A question concerns the cellular mechanism through which the sensation of protons is detected. OtopLA is expressed in the four classes of GRNs in taste hairs (A to D). The B and D GRNs respond to aversive tastants (B, bitter, high Na+ etc; D, Ca2+, high Na+, K+), while the A and C GRNs are activated by chemicals that stimulate consumption (A, sugars, low Na+ fatty acids, etc; C, water). Our data indicate that both B and D GRNs contribute to acid repulsion but that B GRNs comprise the major class required for acid repulsion, while D GRNs are the minor class. In support of this conclusion, RNAi knockdown of B but not D GRNs impaired acid repulsion. In addition, we fully rescued the OtopLA1 mutant phenotype by expression of the OtopLAp transgene in B GRNs but only partially rescued the deficit by expression of OtopLAp in D GRNs. In addition, our data indicate that both A and C GRNs contribute to the modest attraction to 0.01 HCl in wild-type flies. This attraction is eliminated in the OtopLA1 mutant. The C GRNs may be more important, as expression of the OtopLAp transgene in A GRNs reduced the impairment in the mutant, but the suppression of the phenotype fell below the threshold for statistical significance.
It has been reported that acids cause repulsion of sugary foods by direct activation of B GRNs and suppression of sugar-induced activation of A GRNs (16). This previous study focused on behavioral responses to carboxylic acids, and we repeated this finding for citric acid. However, at the cellular level, when we decreased the pH of sucrose, we did not observe reduced sucrose-induced action potentials. Thus, we conclude that protons do not suppress A GRNs. Rather, we suggest that A GRNs are inhibited by certain organic anion moieties of carboxylic acids. A mechanism by which the activities of both A GRNs and B GRNs are affected by carboxylic acids, but only B GRNs by protons could provide a coding mechanism for differentiating between protons and carboxylic acids.
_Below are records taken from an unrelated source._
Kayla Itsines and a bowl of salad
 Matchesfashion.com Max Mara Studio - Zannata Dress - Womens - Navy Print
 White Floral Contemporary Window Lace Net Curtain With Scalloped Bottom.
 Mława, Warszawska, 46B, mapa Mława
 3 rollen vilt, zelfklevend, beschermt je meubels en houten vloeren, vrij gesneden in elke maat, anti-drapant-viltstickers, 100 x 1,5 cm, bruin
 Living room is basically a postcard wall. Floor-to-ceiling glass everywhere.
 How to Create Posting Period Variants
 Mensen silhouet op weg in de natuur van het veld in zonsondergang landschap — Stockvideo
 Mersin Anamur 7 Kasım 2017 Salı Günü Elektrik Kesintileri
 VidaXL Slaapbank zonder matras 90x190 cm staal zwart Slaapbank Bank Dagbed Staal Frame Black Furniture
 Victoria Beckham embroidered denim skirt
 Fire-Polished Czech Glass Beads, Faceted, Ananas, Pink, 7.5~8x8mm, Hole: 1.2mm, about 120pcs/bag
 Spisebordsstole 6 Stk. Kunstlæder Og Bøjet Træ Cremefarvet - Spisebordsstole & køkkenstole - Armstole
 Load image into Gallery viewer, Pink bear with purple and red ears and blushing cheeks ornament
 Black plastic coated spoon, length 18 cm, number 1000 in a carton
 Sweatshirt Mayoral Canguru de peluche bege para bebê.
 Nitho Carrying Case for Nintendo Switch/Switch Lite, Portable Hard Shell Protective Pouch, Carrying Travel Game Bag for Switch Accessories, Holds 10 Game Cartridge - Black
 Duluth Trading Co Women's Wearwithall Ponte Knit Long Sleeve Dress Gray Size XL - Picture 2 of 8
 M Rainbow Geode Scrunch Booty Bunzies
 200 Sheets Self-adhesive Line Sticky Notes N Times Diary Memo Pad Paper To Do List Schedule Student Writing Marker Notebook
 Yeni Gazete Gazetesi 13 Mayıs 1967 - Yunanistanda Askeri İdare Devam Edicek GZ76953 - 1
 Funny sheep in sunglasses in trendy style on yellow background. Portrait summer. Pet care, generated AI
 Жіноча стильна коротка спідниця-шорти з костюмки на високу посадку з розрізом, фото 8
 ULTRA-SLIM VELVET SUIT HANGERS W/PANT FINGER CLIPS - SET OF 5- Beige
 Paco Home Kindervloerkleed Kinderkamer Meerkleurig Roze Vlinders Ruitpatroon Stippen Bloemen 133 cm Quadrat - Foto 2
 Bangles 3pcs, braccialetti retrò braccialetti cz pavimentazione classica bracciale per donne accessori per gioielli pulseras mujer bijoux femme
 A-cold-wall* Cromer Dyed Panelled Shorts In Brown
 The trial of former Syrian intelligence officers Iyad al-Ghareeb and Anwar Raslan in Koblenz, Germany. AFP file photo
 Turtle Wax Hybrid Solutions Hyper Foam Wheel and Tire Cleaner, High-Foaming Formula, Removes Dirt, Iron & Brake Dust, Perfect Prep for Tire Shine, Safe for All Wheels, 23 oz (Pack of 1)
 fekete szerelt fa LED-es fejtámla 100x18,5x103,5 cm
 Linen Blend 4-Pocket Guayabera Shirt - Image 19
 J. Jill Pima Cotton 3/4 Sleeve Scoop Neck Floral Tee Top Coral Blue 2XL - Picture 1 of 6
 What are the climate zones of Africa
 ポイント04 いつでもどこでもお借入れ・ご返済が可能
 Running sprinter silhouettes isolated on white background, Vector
Following submission of the initial version of this manuscript, another group also reported a role for OtopLA in acid taste in Drosophila (33). These researchers found that OtopLA is required for attractive responses to low concentrations of acids, as did we, but not for aversive responses to higher concentrations of acids. However, even in wild-type controls, they did not observe significant repulsion until the pH was reduced to high levels (≤2) that may be damaging to cells. At these very low pHs, the nociceptive response is likely to have a major contribution to avoidance. Mi et al. also reported that the flies exhibited a much higher level of attraction to acids than what we have observed (33). The differences in levels of attraction and repulsion might be due to variations in fly food between laboratories, the precise ages of the flies, hours of starvation, or a combination of these factors. Nevertheless, although the level of acid attraction differs, both studies find that the deficit in attraction in OtopLA mutants can be suppressed by expression of a wild-type transgene in A GRNs. In addition, we found that this phenotype is suppressed by expression of the OtopLA rescue transgene in C GRNs.
Another difference between our report and that of Mi et al. (33) is that they reported that expression of OtopLAa in human embryonic kidney 293 (HEK293) cells led to the appearance of inward currents in response to acid stimuli (pH range 6 to 3). We previously demonstrated that both vertebrate and invertebrate Otop proteins form proton channels (5). However, we did not observe any acid-induced currents using stimuli as low as pH 3.0 for either OtopLAp or OtopLAa (FBgn0259994) expressed in either HEK293 cells or Xenopus oocytes, even though we detected surface expression when the channels were tagged with GFP. There are several possible reasons why the Drosophila OtopLA channel did not generate functional currents in either cell type. One possibility is that the native system provides factors or binding partners necessary to gate the channels. We note that OtopLA is the only one of the Drosophila Otop channels to have a large extracellular domain between transmembrane domains 5 and 6, which might bind ligands or proteins.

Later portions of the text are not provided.